President George W. Bush this week sounded just like a liberal.
Yes, you read that right. Bush. Liberal. Same sentence.
At the new U.S. embassy in Beijing on the opening day of the Olympics, he said, "All people should have the freedom to say what they think."
Without even blinking, he also told the world, while directing his comments at the Chinese, "We strongly believe societies which allow the free expression of ideas tend to be the most prosperous and the most peaceful."
The day before, in Tibet, he boldly said, "America stands in firm opposition to China's detention of political dissidents and human rights advocates and religious activists." He said he was speaking out "for a free press, freedom of assembly, and labor rights, not to antagonize China's leaders but because trusting its people with greater freedom is the only way for China to develop its full potential."
There was only one problem with the President's comments. His actions the past seven years have proven he doesn't believe what his speech writers told him to say.
In Charleston, W. Va., at a Bush speech on July 4, 2004, non-violent protestors were handcuffed and arrested.
In Pittsburgh, a retired steelworker was arrested for carrying a sign; in Michigan, it was a student, In Hamilton, N.J., it was the mother of a soldier killed in Iraq who asked the wrong question of Laura Bush.
Almost 2,000 peaceful protestors at the 2004 Republican convention in New York City were arrested and subjected to what can only be called "primitive" prison conditions for several days—until the courts threw out almost all of the arrest warrants.
As Texas governor, Bush had ordered peaceful protesters away from the governor's mansion.
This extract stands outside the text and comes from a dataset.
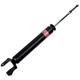 Purchase Top-Quality KYB - 344455 - Rear Gas Shock Absorber pa2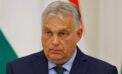 Avrupa Birliği’nden Orban’ın zirveye katılmasına ilişkin açıklama geldi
As president, he directed there be zones as much as a half-mile from any Presidential cavalcade or speech for anyone protesting his policies.
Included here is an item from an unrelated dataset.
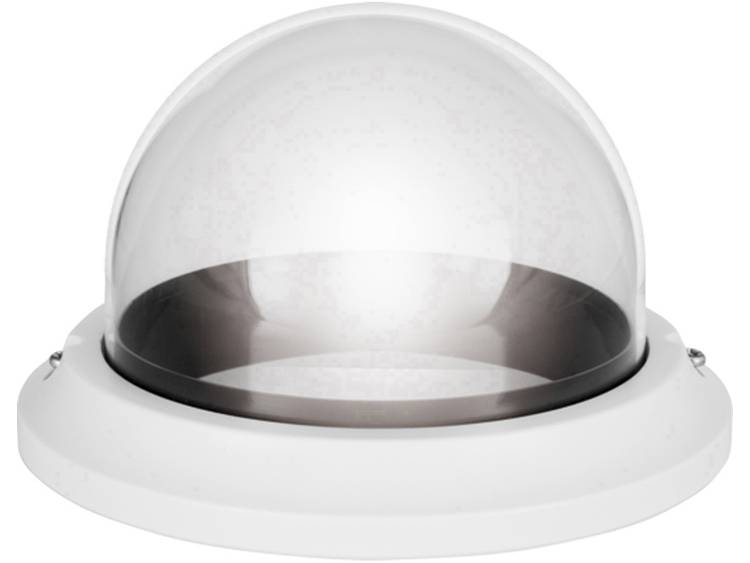 Mobotix Kupolkoppling Mx-a-SD-DCT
For those who refuse to enter into these remote and generally obscure "free-speech zones", police arrest them for trespassing or disorderly conduct, and then detain them until the President or Vice-President is out of the area and the media leave.
When challenged, law enforcement officials claim the separation is for security reasons. Persons carrying pro-administration signs are allowed to be in the line of sight to the President and Vice-President. Anyone wishing to harm the President needs only to carry a sign praising the President or not to carry one at all.